Buffy, after almost being electrocuted in the shower: "Tell me the truth: how's my hair?"

As usual, though, the action at the climax isn't as interesting as the psychology that led up to it.)

Date: 2009-05-28 12:13 pm (UTC)
From: [identity profile] martinskidmore.livejournal.com
Yeah, the climactic fights are rarely anything terribly thrilling. The main exception that leaps to mind is at the end of season 2 which, as you will see if you continue (the show really does get a lot better over the next two seasons in particular), has much more to do with the meaning and what is at stake than the action itself.

Date: 2009-05-28 05:17 pm (UTC)
From: [identity profile] martinskidmore.livejournal.com
Can't say I was a fan of Magnum (apart from the moustache, obviously). There have been very few performers in screen history to match Keaton. I wouldn't wish to compare to either of them, but the characters' relationships and growth is central to the series throughout. Overcoming selfishness is key at the end of this series, and the idea of them all being incomplete but in some senses complementary is all over it - key at the end of season 4, for instance.

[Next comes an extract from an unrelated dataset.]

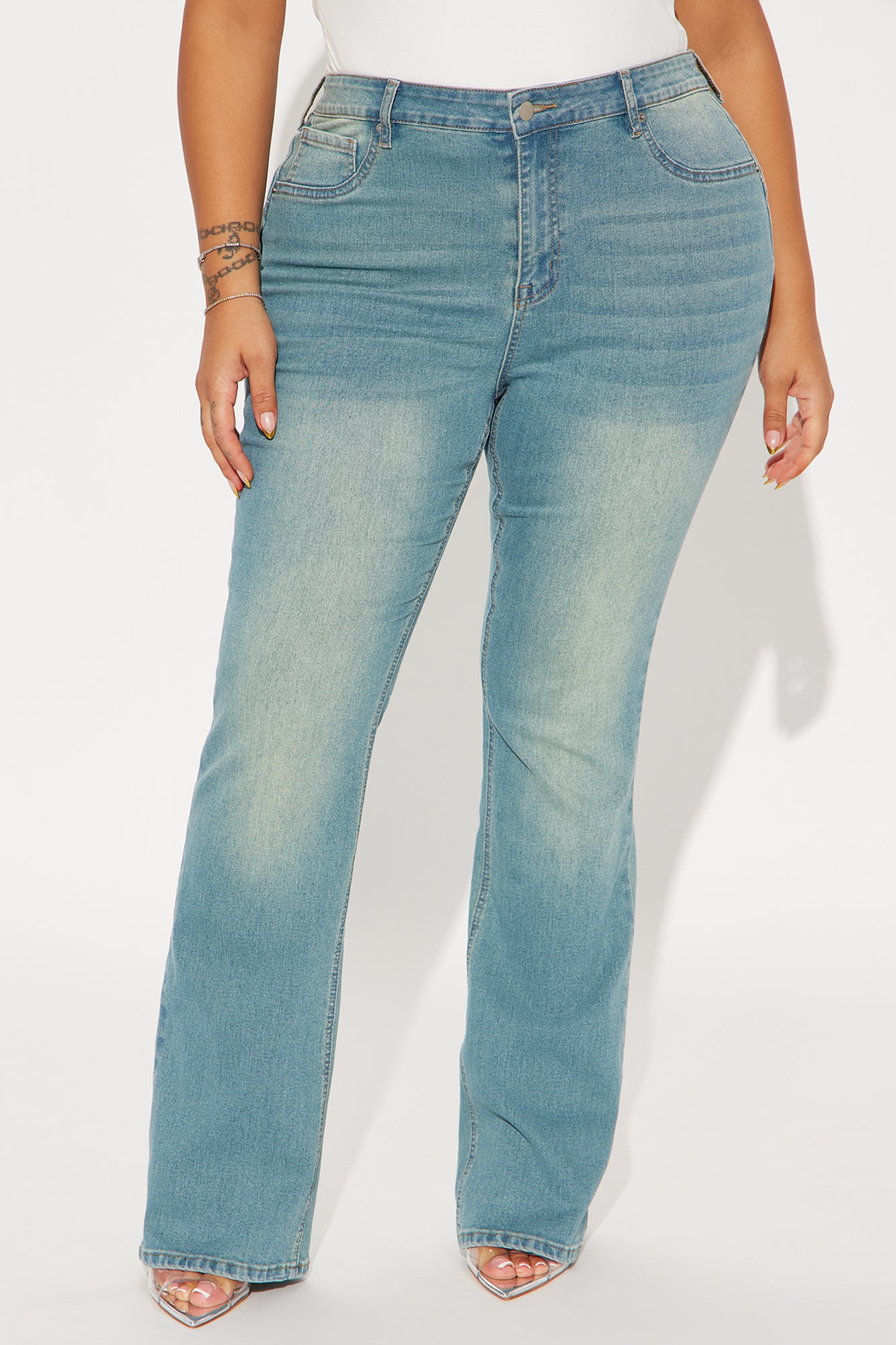 Mesa Booty Lifting Stretch Bootcut Jeans - Medium Blue Wash - Image 6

Season 1, despite the overarching Master plot, is much more episodic than any of the others, much more monster-of-the-week. The character stuff accumulates, and is more foregrounded as it goes on.

Date: 2009-05-28 06:31 pm (UTC)
From: [identity profile] dubdobdee.livejournal.com
yes, i think this ep rather undersells willow's emotional intelligence, in order to establish a useful (but for a girl atypical) in-group craft-skill for her (= computers), and then have a bit of fun with the perils that come with such skills (a recurrent idea that will be far more deeply explored in

the basic plot-idea feels a bit left over from five or even ten years previously: nerd possessed by the spirit of dungeons and dragons...

Date: 2009-05-30 04:23 am (UTC)
From: (Anonymous)
i always thought this was one of the lamer episodes (along with the john ritter episode and the ventriloquist's dummy one, though iirc the latter wins me over by the end), but since it's in s01 i haven't rescreened it much. i guess i thought the fusion of technology and demon-mythology stuff seemed ham-handed?


j.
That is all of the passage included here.